‘Pruebas de coraje’. De esa manera llamaban los paramilitares a los entrenamientos que les impartían a sus reclutas para que aprendieran a descuartizar personas vivas. Inicialmente, las autoridades desestimaron las versiones de campesinos que denunciaban esta práctica y le atribuían a estos ‘cursos’ la desaparición de personas. Pero cuando los propios combatientes empezaron a […]
‘Pruebas de coraje’. De esa manera llamaban los paramilitares a los entrenamientos que les impartían a sus reclutas para que aprendieran a descuartizar personas vivas.
Inicialmente, las autoridades desestimaron las versiones de campesinos que denunciaban esta práctica y le atribuían a estos ‘cursos’ la desaparición de personas. Pero cuando los propios combatientes empezaron a admitirlo en sus indagatorias ante la Fiscalía, el mito se convirtió en otro crudo crimen de lesa humanidad.
Francisco Enrique Villalba Hernández (alias ‘Cristian Barreto’), uno de los autores de la masacre de El Aro, en Ituango, Antioquia, recibió este tipo de entrenamiento en el mismo lugar en el que le enseñaron a manejar armas y a fabricar bombas caseras. Hoy, preso en la cárcel La Picota, de Bogotá, Villalba ha descrito detalladamente, durante largas indagatorias, cómo aplicó esta instrucción.
«A mediados de 1994 me mandaron a un curso en la finca La 35, en El Tomate, Antioquia, donde quedaba el campo de entrenamiento», dice en su relato a la Fiscalía. Allí, su jornada empezaba a las 5 de la mañana y las instrucciones las recibía directamente de altos mandos, como ‘Doble cero’ (Carlos García, asesinado por ‘paras’ del Cacique Nutibara).
Villalba asegura que para el aprendizaje de descuartizamiento usaban campesinos que reunían durante las tomas de pueblos vecinos. «Eran personas de edad que las llevaban en camiones, vivas, amarradas», describe.
Las víctimas llegaban a la finca en camiones carpados. Las bajaban del vehículo con las manos amarradas y las llevaban a un cuarto. Allí permanecían encerradas varios días, a la espera de que empezara el entrenamiento.
Luego venía «la instrucción de coraje»: repartían a la gente en cuatro o cinco grupos «y ahí la descuartizaban», dice Villalba en la indagatoria. «El instructor le decía a uno: ‘Usted se para acá y fulano allá y le da seguridad al que está descuartizando’. Siempre que se toma un pueblo y se va a descuartizar a alguien, hay que brindarles seguridad a los que están haciendo ese trabajo».
De los cuartos donde estaban encerrados, las mujeres y los hombres eran sacados en ropa interior.
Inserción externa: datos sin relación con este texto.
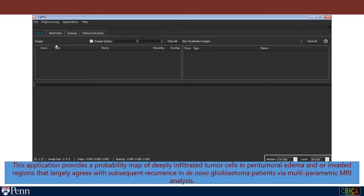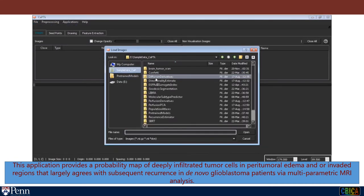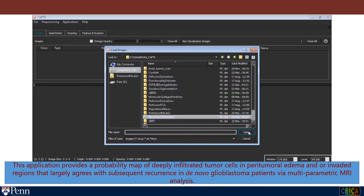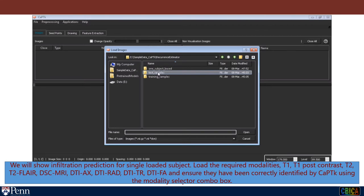This application provides a probability map of deeply infiltrating tumor cells in the peritumoral edema and/or invaded region, which largely agrees with subsequent recurrence in de novo glioblastoma patients via multiparametric MRI analysis. We will show infiltration prediction for a single loaded subject.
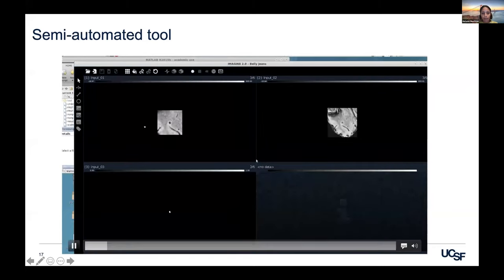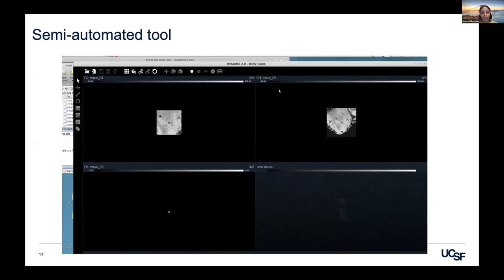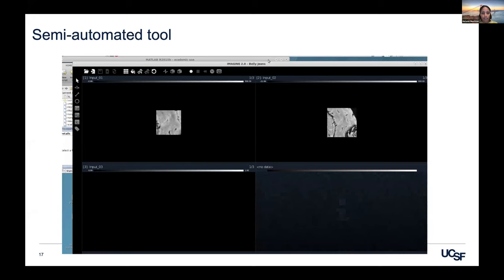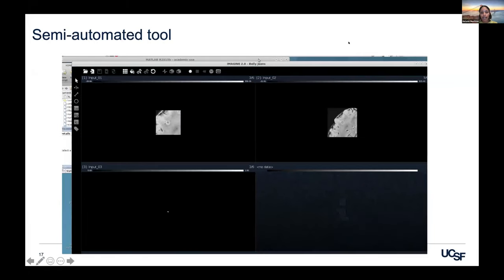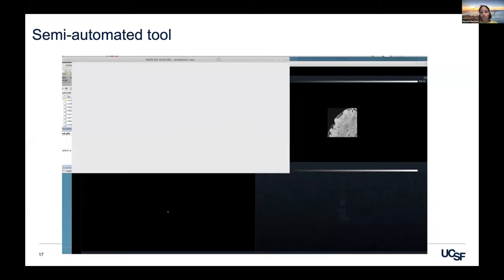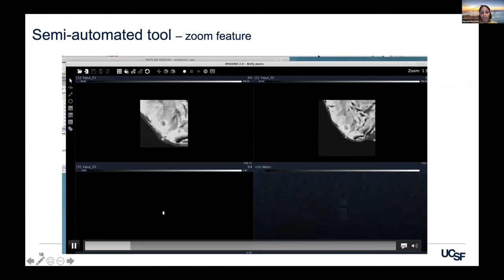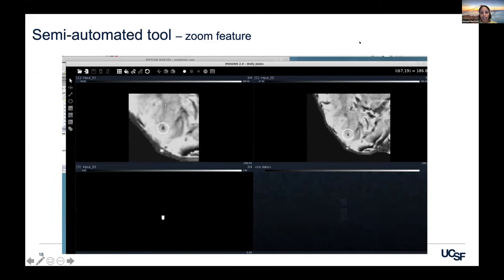In the GUI demo, you can tap through slices and see candidate microbleeds. One that is consistent throughout all slices in one location is clearly a microbleed. The algorithm also gives a hint if it may be a hard mimic, and you click yes or no and proceed. A microbleed that is traveling clearly across slices is a vessel — you mark it no. If a microbleed appears in only one or two slices, that's usually not a true microbleed. The GUI also has a zoom feature useful for smaller microbleeds, especially in irradiated patients.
Aún con las manos atadas, los llevaban al sitio donde el instructor esperaba para iniciar las primeras recomendaciones: «Las instrucciones eran quitarles el brazo, la cabeza, descuartizarlos vivos. Ellos salían llorando y le pedían a uno que no le fuera a hacer nada, que tenían familia».
Villalba describe el proceso: «A las personas se les abría desde el pecho hasta la barriga para sacar lo que es tripa, el despojo. Se les quitaban piernas, brazos y cabeza.Se hacía con machete o con cuchillo. El resto, el despojo, con la mano. Nosotros, que estábamos en instrucción, sacábamos los intestinos».
El entrenamiento lo exigían, según él, para «probar el coraje y aprender cómo desaparecer a la persona».
Durante el mes y medio que Francisco Villalba dice que permaneció en el curso, vio tres veces las instrucciones de descuartizamiento.
«Ellos escogían a los alumnos para que participaran. Una vez, uno de los alumnos se negó. Se paró ‘Doble cero’ y le dijo: ‘Venga, que yo sí soy capaz’. Luego lo mandó descuartizar a él. A mí me hicieron quitarle el brazo a una muchacha. Ya le habían quitado la cabeza y una pierna. Ella pedía que no lo hicieran, que tenía dos hijos».
Los cuerpos eran llevados a fosas ahí mismo, en La 35, donde calculan que enterraron a más de 400 personas.